If you’re over 21, chances are that someone has used a really horrible pickup line in your general direction. These typically range from gross, to sappy, to just plain dumb. More sloppy than appetizing, in my opinion. An effective pickup line, with actual pickup potential, can be hard to perfect, so here are 5 options that are way more like to work than, “Did it hurt?” Because listening to you finish that sad attempt really will hurt, the listener as much as the failed picker-upper.

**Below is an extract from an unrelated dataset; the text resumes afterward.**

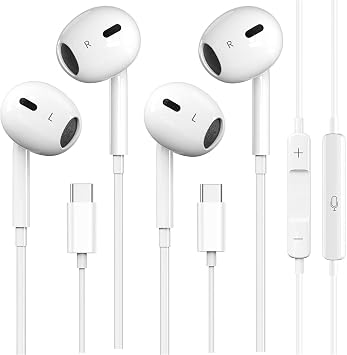 2 Pack USB C Wired Headphones for iPhone 17/16/15 Pro Max | In-Ear Earphones, Mic & Volume Control, Type C Earbuds, Compatible with iPhone 17/16/15 Pro/Air/Plus, iPad Pro, White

What Hogwarts House Would You Belong To?
Yes, opposites are said to attract, but often it’s best to keep your romance within your fandom. You can theme your question towards GoT, LOTR, or whatever other abbreviation fits your fancy. If you truly love one of these fandoms, you’re likely to be compatible with others who share your interest. You could ask for their favorite Doctor, their favorite Star Wars film, or something that denotes a popular fandom that I know nothing about. Man, fandom is a fun word. I’ve never really used it until now. Anyway, I’m a Ravenclaw, according to every test I’ve ever taken online, and the fact that I’ve taken those tests proves that if you’re disdainful of all that is magical in the Rowling sense, you can move right along.
Wanna To Split A Pizza?
The best thing about getting tipsy outside of the comfort of your home is that it’s way more likely you’ll be able to motivate yourself to trek to a pizza joint. It’s fairly common knowledge that drunk pizza may be the single greatest food-experience of our time. So universally liked, it has the power to mend the rifts between us all. This also takes out the “I’m getting lured into a stranger’s place to get murdered” possibility, at least temporarily. Late night pizza joints are a neutral space. A bubble of safety, ecstasy, and warmth. And now I really want a substance-enhanced pizza experience. Darn my cold and the noon-on-a-Monday constraints of time and space.
What 90’s/Early 2000’s Cartoons Were Your Jam?
We older millennials love to lament the fall of solid mainstream cartoons. Nick used to have it going on, and now it’s all garbage. You know it, I know it, and that person you’re trying to pick up at the bar knows it. Besides providing an important topic to relate over, this question can also teach you a lot about your potential new squeeze. Hey Arnold is for sensitive souls who like to get deep, philosophical, and intellectual. Lovers of Rocko’s Modern Life have strong stomachs and aren’t afraid of the weird. Ed, Edd n Eddy fans have a real thing for schadenfreude. And of course, if the person says that they never have and to this day don’t like cartoons of any kind, for some people that may a red flag, mayn’t it?
Hey Girl, You Look Like You Should Be Running A Company
“I bet you have excellent executive leadership skills. You know how to command a room. If you were my boss, I’d never make jokes behind your back about you having your period in response to you pointing out my huge stupid-ass mistakes.” See? I’m making myself swoon right now! Stop objectifying and give an actual compliment. I like compliments on my appearance, but not if you’re just into me for my appearance. Be into someone for their boss potential, their artistic side, or their enchanting way with words. Seriously. Embrace the dimensions.
Do You Have An Adorable Pet You Can Show Me Pics Of?/Want To See Pictures Of My Puppy?
It’s no secret that a lot of Tinder swipes are influenced by adorable 4-legged friends. You may not have a lot of faith in a stranger, but you sure aren’t going to doubt the intentions of their abnormally fuzzy kitten! If you don’t love adorable animal videos, I sure I don’t want to interact at length with your sad, jaded self. Pets are good and pure, injecting something untainted and beautiful into an otherwise seedy courtship process. And the real winning quality of pets is that the person you’re trying to pick up may want to meet your charming furry compadre in the future. So really, there’s no negative side to this strategy, aside from the person possibly being way more interested in your pet than they are in you. But you get the obsession, because it’s also your obsession, so it won’t hurt that much in the end.